Menurut akademisi dan praktisi pendidikan Jawa Barat, Tolani Warangga, S.IP, ketidaksempurnaan dalam kategorisasi jalur penerimaan sangat potensial memicu dinamika yang negatif. “Sistem PPDB ini seharusnya menjadi penjaga pintu gerbang yang memastikan pendidikan berjalan sesuai amanat undang-undang untuk mencerdaskan kehidupan bangsa. Namun kenyataannya, sistem ini justru memicu tindakan tidak etis,” ungkapnya saat ditemui di Bandung, Senin (8/7/2024).

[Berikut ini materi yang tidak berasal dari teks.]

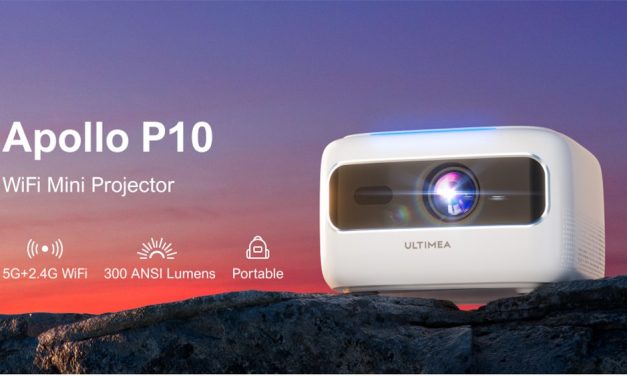 Ultimea Apollo P10 hordozható projektor Gyors beállítás minimális gond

Tolani mengkritik bahwa sistem yang ada belum adaptif terhadap perkembangan zaman dan justru menciptakan masalah baru. “Sistem ini membuka peluang bagi kecurangan seperti pindah KK (Kartu Keluarga) dan manipulasi nilai rapor, yang seharusnya tidak terjadi jika sistemnya lebih solid,” jelasnya.

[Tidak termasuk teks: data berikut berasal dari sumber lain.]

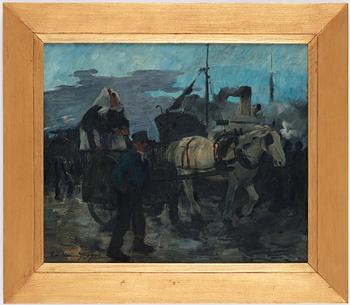 Gösta von Hennigs, Harbour scene.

Lebih lanjut, Tolani menilai bahwa jika sistem PPDB terus dibiarkan dengan celah yang ada, tujuan untuk mencerdaskan kehidupan bangsa tidak akan tercapai. “Kita belum berbicara tentang dampak jangka pendek, menengah, dan panjang. Jika Indonesia ingin mencetak generasi emas 2045, maka reformasi sistem ini harus dilakukan sekarang,” tegasnya.
Menurutnya, jika terus mempertahankan pola yang ada, sistem PPDB akan mengalami pembusukan. “Sistem yang ada harus dievaluasi secara komprehensif. Mungkin perlu dibuat kategori baru dalam jalur penerimaan atau merombak sistem yang ada,” sarannya.
Sebagai contoh, Tolani mengkritik langkah pemerintah daerah yang membuka SMA terbuka bagi siswa yang tidak lolos PPDB sebagai solusi yang kurang efektif. “Solusi ini seolah-olah mengatasi masalah, tetapi malah menambah penyakit baru. Tidak ada keberlanjutan yang jelas di beberapa SMA,” tuturnya.
Tolani menyarankan agar jalur penerimaan yang ada perlu disesuaikan untuk mengurangi praktik-praktik manipulatif. “Kita bisa mempertimbangkan zonasi plus prestasi, atau meningkatkan komposisi prestasi dalam penerimaan. Intinya, kita perlu menentukan apa yang wajib dalam pendidikan agar sistem lebih adil,” ujarnya.
Menurut Tolani, esensi pendidikan meliputi aspek kognitif, behavioral, dan psikomotorik. Metode lama seperti Nilai Ebtanas Murni (NEM) masih mampu memenuhi esensi tersebut lebih baik dibanding sistem saat ini. “Sistem yang ada sekarang membuat orang seperti berjudi untuk mendapatkan tempat di sekolah. Perlu ada reformasi agar sistem tidak terkunci seperti sekarang,” pungkasnya.
PPDB merupakan rangkaian kegiatan yang dirancang untuk mengatur penerimaan siswa baru di sekolah, mulai dari persiapan, pendaftaran, seleksi, hingga pengumuman hasil seleksi dan daftar ulang. Reformasi sistem ini sangat diperlukan untuk mencapai tujuan pendidikan yang lebih adil dan efektif.